Dominguice

Não só faz sentido (aliás, sentidos) como é benéfico para quem começa a ficar apaixonado pela cidade: dividir a política entre esquerda e direita. Estamos perante categorias que agregam variegados conceitos; alguns que poderão parecer idênticos aos do território oposto, outros que serão exactamente iguais, mas a enorme maioria funda-se em radicais diferenças relativas ao modo como se pretende regular o acesso aos recursos e a distribuição da riqueza, por um lado, e como se pretende fundamentar a autoridade dos governantes, pelo outro. A direita não só convive bem com enormes desigualdades sociais, ela prefere dar muito a poucos do que pouco a muitos. Porquê? Porque Deus é o exemplo primeiro e absoluto da desigualdade (consta que ninguém tem os seus poderes, nem sequer o pessoal da Marvel) e porque Locke combinou com Ele abrir um franchisado neste planeta para vender o produto “liberdade made in Heaven”. Isto faz com que na direita coexistam concepções monárquicas e democráticas sem que tal cause curto-circuito ideológico. A esquerda persegue as desigualdades sociais, e não descansa enquanto não as terraplanar. Marx é o Moisés desta tribo, tendo deixado os instrumentos para que se consiga chegar à Terra Prometida depois de um passeio pitoresco pelo fundo do Mar Vermelho. Nem os marxistas mais eruditos e ferrenhos sabem explicar o que é isso do comunismo mas tal dificuldade só contribui para o fascínio, até mistério, da promessa. Isto faz com que na esquerda coexistam concepções seculares e religiosas sem que tal cause curto-circuito ideológico. É preciso iluminar estes fundamentos para finalmente se pensar o que seja o centro, a dimensão onde o melhor da direita e da esquerda pode ser posto ao serviço do bem comum, da comunidade.

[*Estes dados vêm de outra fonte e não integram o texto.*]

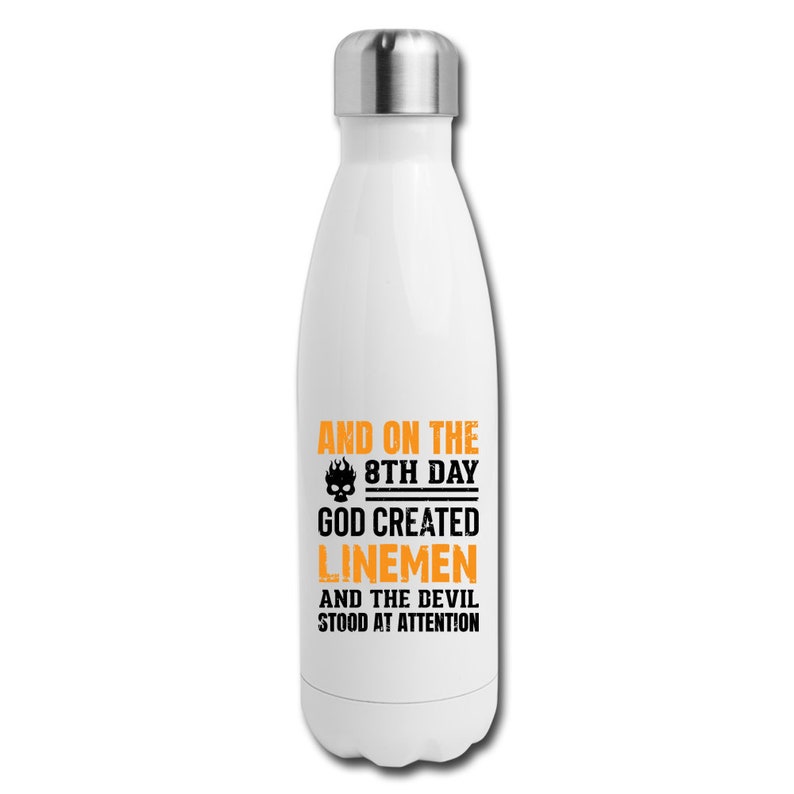 Stainless Steel 17 oz Water Bottle 8th Day Lineman Water Bottle Lineman Gift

Porém, contudo, todavia, o que ameaça a cidade não é o confronto entre esquerda e direita. Sejam quais forem as correntes na luta pelo poder, desde que mantenham a integridade da sua racionalidade estarão a contribuir para a autonomia dos cidadãos e para o desenvolvimento das instituições públicas. Podemos avaliar os seus princípios, comparar os seus projectos, criticar as suas propostas. Crescemos politicamente quando somos expostos às legítimas convicções dos outros. O que ameaça a cidade, pois, é a irracionalidade como retórica, a exploração das fragilidades e deficiências cognitivas, a promoção do binómio estupidez e ódio. Alguns políticos e alguns jornalistas, por estas razões, ameaçam a cidade. A defesa contra este perigo não poderá ser uma outra forma de estupidez e de ódio. Mas também não poderá ser a indiferença e o silêncio. Precisa de ser algo que nasça ao centro desses extremos, algo que junte a coragem à inteligência.

5 thoughts on “Dominguice”

  1. A Sabedoria, que é fruto do trabalho, do estudo,da experiência e do …coração, sente e sabe o que melhora a condição humana.
    Não é o nome das coisas mas as suas consequências praticas que interessam.
    Deixemos o blá-bla-bla para quem ganha à linha .

  2. sendo que a raiz do problema já foi identificada há bués , resta por em prática a solução : rendimento máximo permitido e acabam-se as desigualdades estratosféricas. e reverter a financeirização da economia promovida desde 80 pelos narigudos e que é totalmente inútil e perniciosa.
    em termos relativos , as diferenças de vida entre um elemento do zé povinho e um seu governante ou satélite comprador é exactamente a mesma que entre um senhor feudal e um servo da gleba.

  3. e , acresce que até temos meios , no dito mundo democrático , de por o rendimento máximo permitido a vigorar… é só perguntar em referendo à população se concorda. podemos começar na Suíça. ah pois é , não há desculpa para que o contrário do rmg global que querem dar de esmola caladora não seja possível , só falta de vontade de quem perde mecenas e corruptores activos com isso.